3 July (EIRNS) City of London mouthpiece Ambrose Evans-Pritchard writes that the latest International Monetary Fund report on Greece admits that the bailout policy is a failure and unsustainable. In his regular Daily Telegraph column, Evans-Pritchard argues that when the IMF forecasts that Greece’s public debt will reach 176% of GDP this year, it is “obviously preposterous” for it to be reduced to 124% by 2020 as the plan forecasts, since Greek economy is in free-fall. The entire policy is a violation of the IMF’s own rules and was only acceded to in order to save the euro, not the Greek economy, he writes. Pointing out that German Chancellor Angela Merkel continues to insist there can be no second package of debt relief this year only because of next month’s German elections, nonetheless after the elections the decision for another bailout package or a haircut will be pushed into 2014.
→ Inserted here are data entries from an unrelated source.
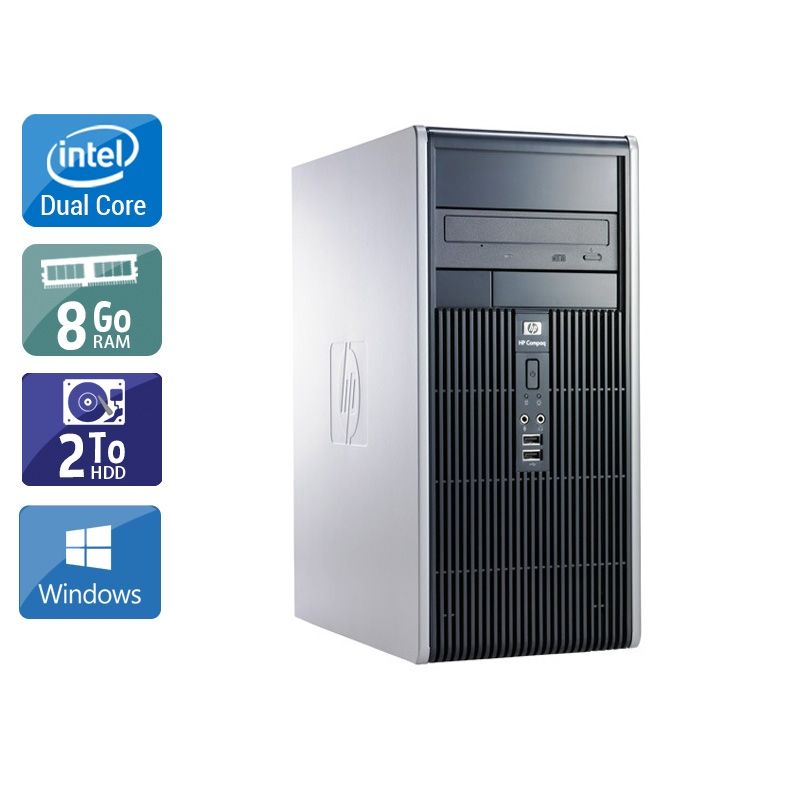 Conclusie suspensie schreeuw Unité centrale HP Compaq dc7800 Tower Dual Core 8Go RAM 2To HDD Windows 10  [Reconditionné : 149€ !] - Kiatoo.com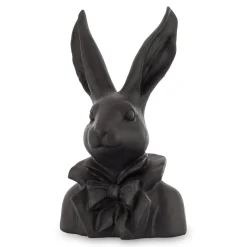 Figurka - popiersie królika 35x20x13 cm TORACE czarny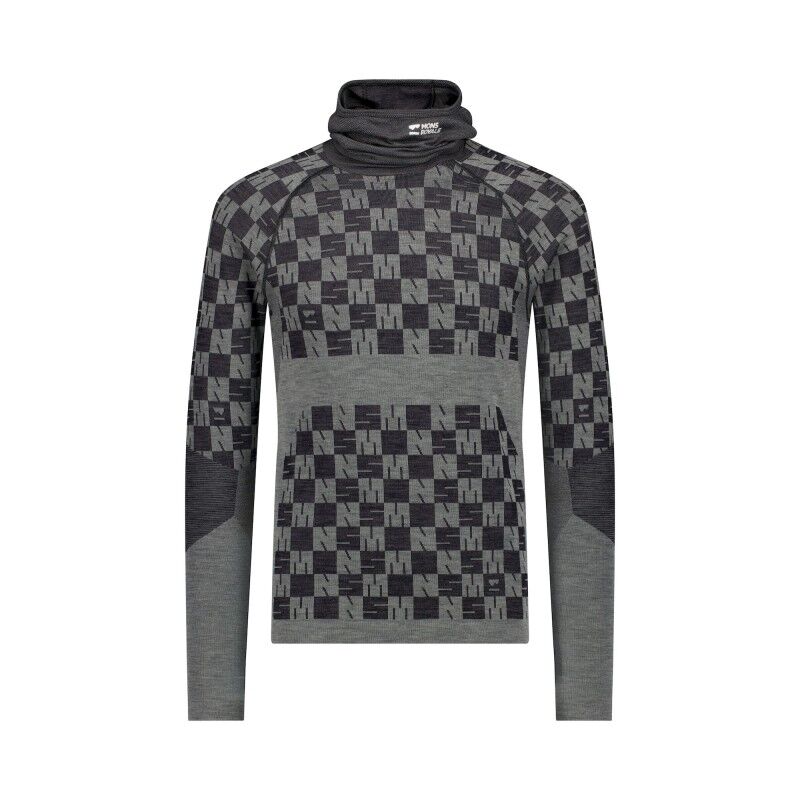 Ascender Merino Seamless Hooded Long Sleeve - Merino Wool Jersey - Men's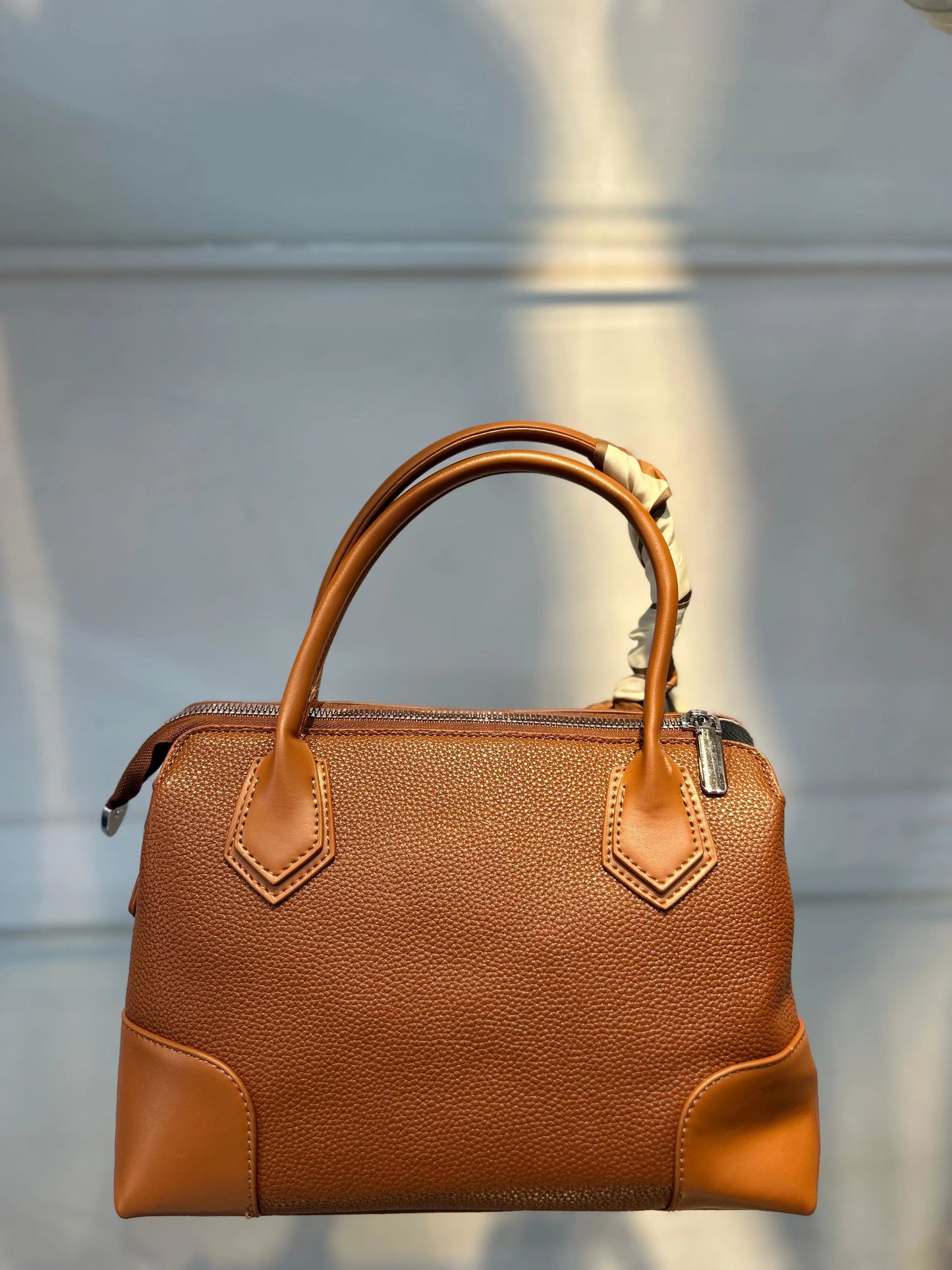 Versatile & Vegan: The Detachable Scarf Handbag Brown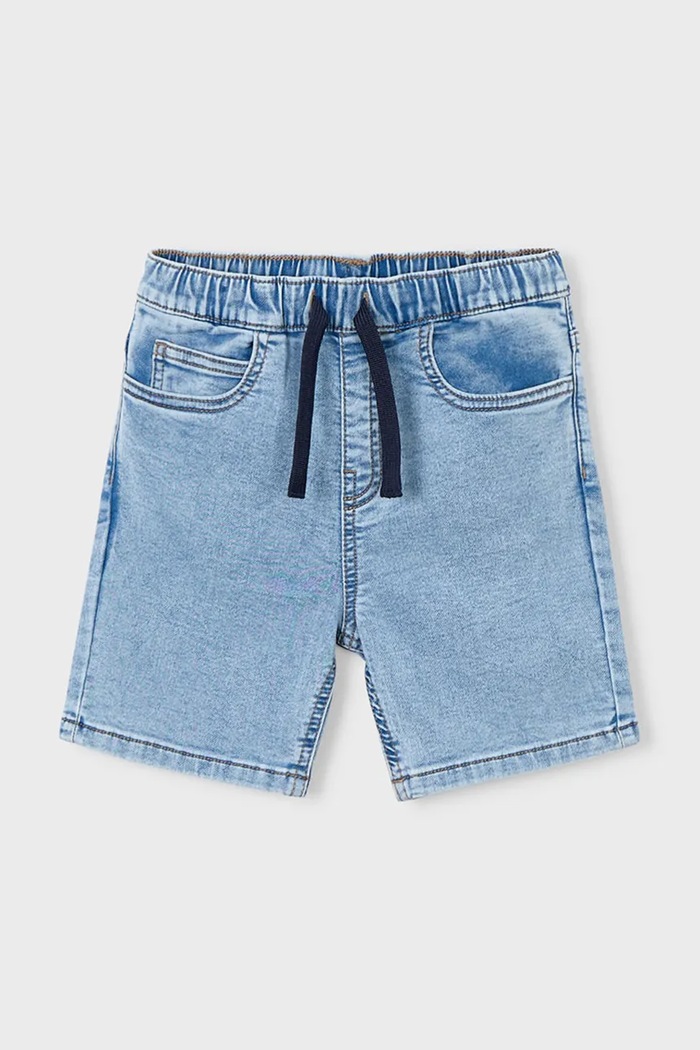Mayoral pantaloni scurți din denim pentru copii 3210.5H.Mini.PPY2 albastru SS26
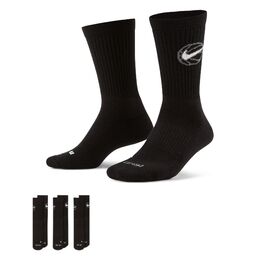 Nike Elite Everyday Basketball sukat 3-pack musta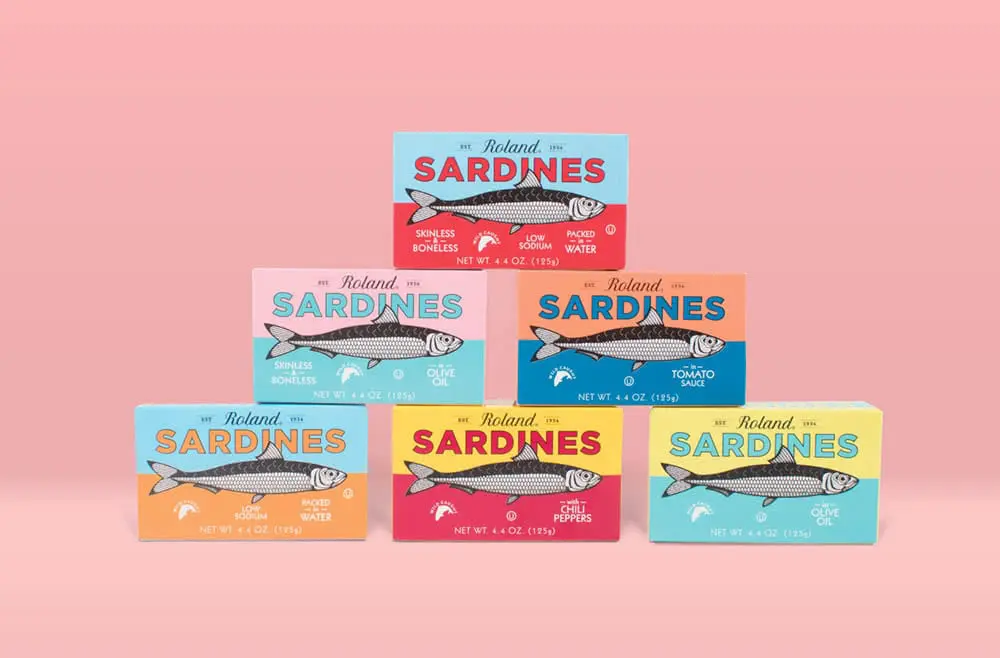 roland sardines packaging design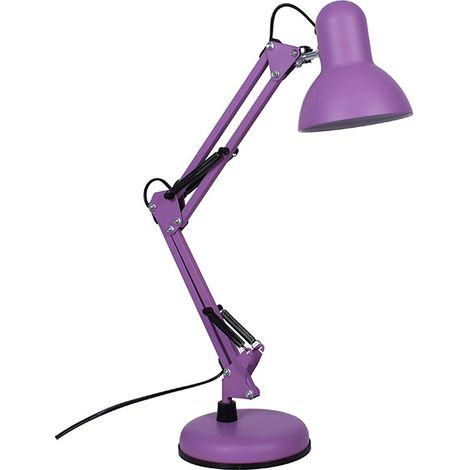 Sobremesa ANTIGONA articulado 1xE27 L.15xAl.Reg.cm lila mate (1/3)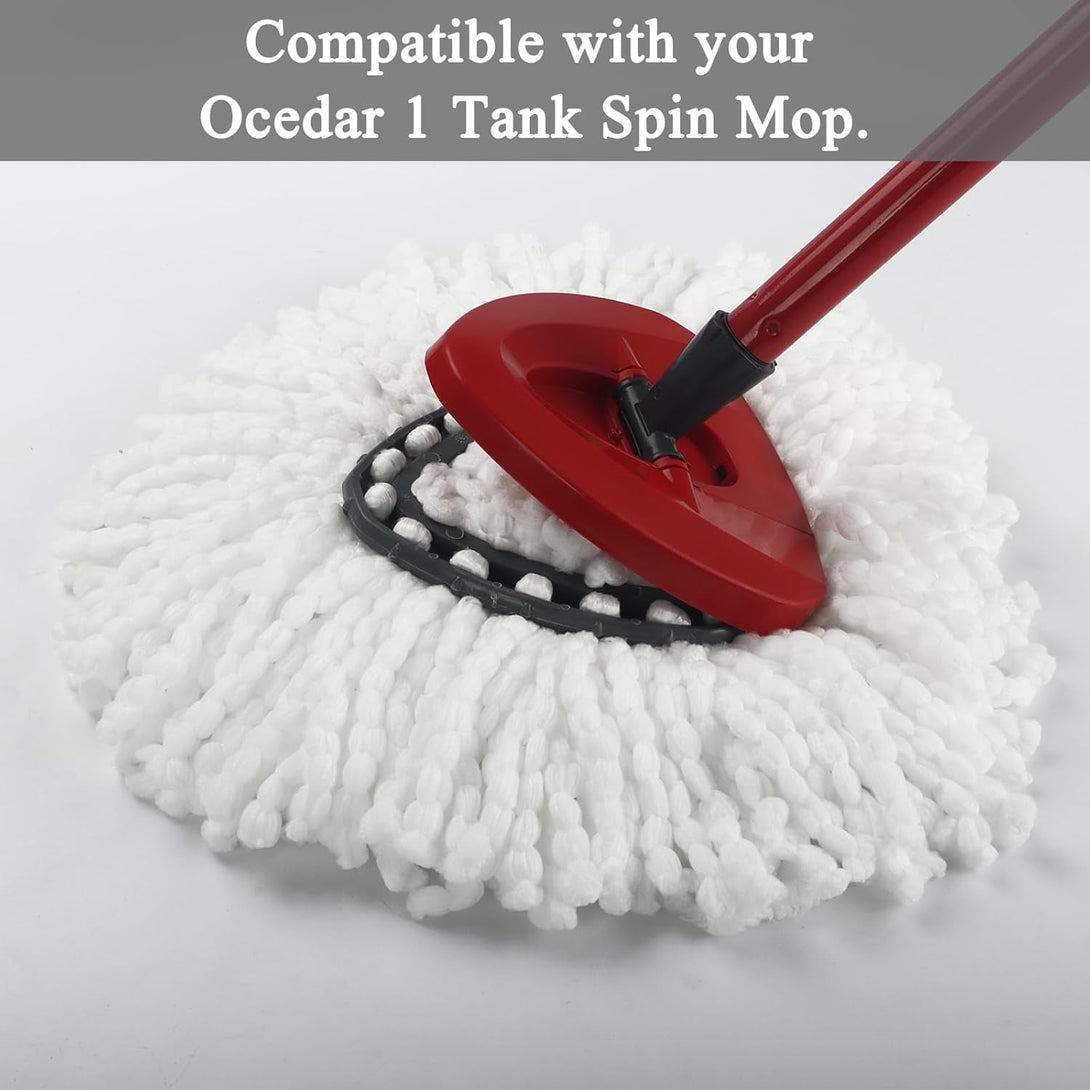 4 Pack Spin Mop Refill Replacement Head Compatible with Ocedar Easywring Spinning Mop - Microfiber Mop Replace Heads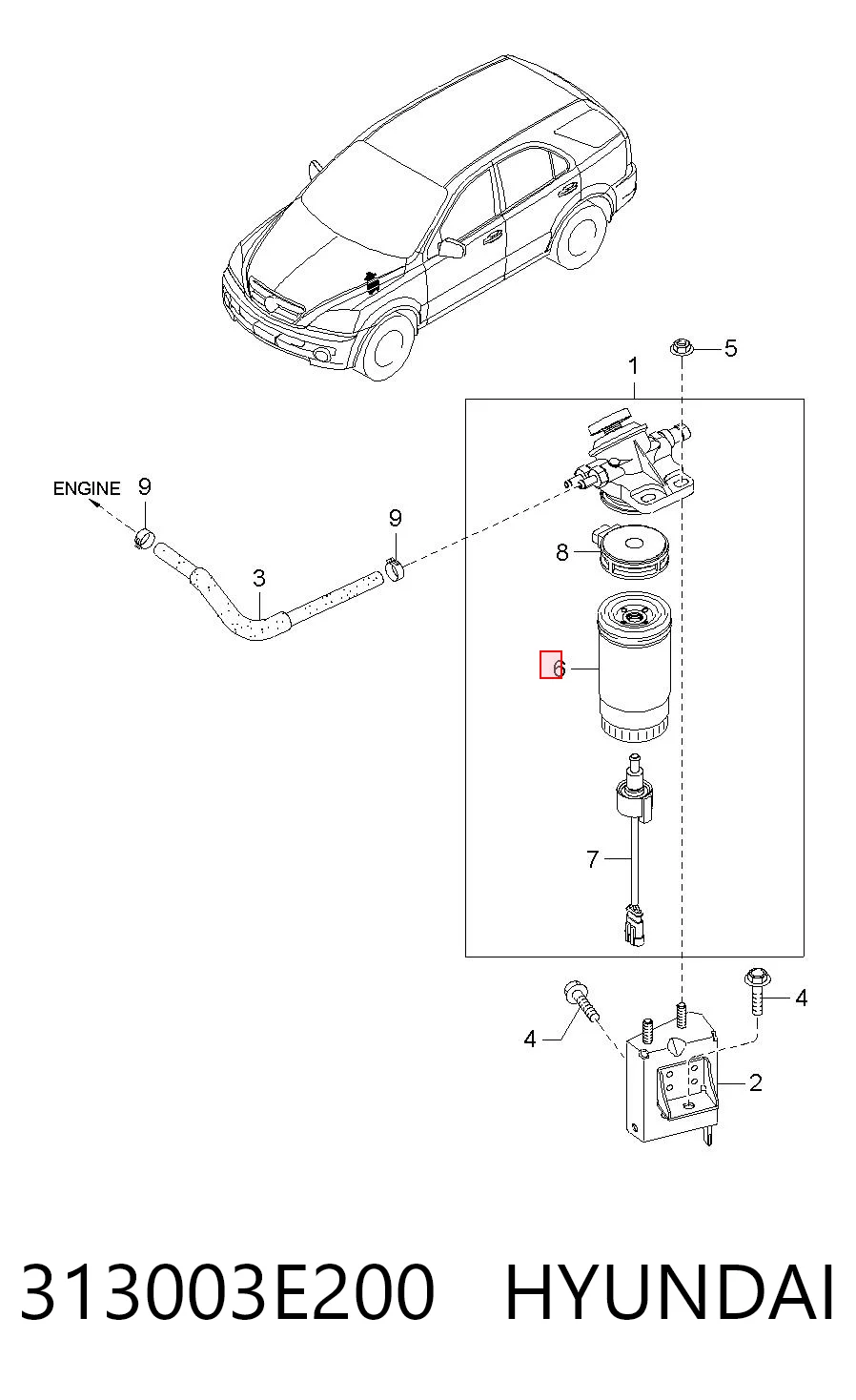 313003E200 Hyundai/Kia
Evans-Pritchard warns that the Greek catastrophe will not go away, and that a breaking point will be reached in which anything could happen in Greece that would blow back on the entire Eurozone. He cites a recent article on Greece by James Galbraith, who wrote that in Greece “you’re not far away from having a confrontation that will lead to a real, let’s say, breaking point.”
To which Evans-Pritchard adds, “Nothing whatsoever has been resolved, either in Greece, or in Portugal, or in Cyprus, or in Spain, or in Italy. Nor will there be, under the current contractionary policy structure. There is no Deus ex machina.
“These nations will remain trapped in slump and mass unemployment until they take matters into their own hands, form a debtors’ cartel, confront head-on the gunboat creditors from a position of strength, and dictate the outcome. But first they have to defenestrate out their own cowed elites.”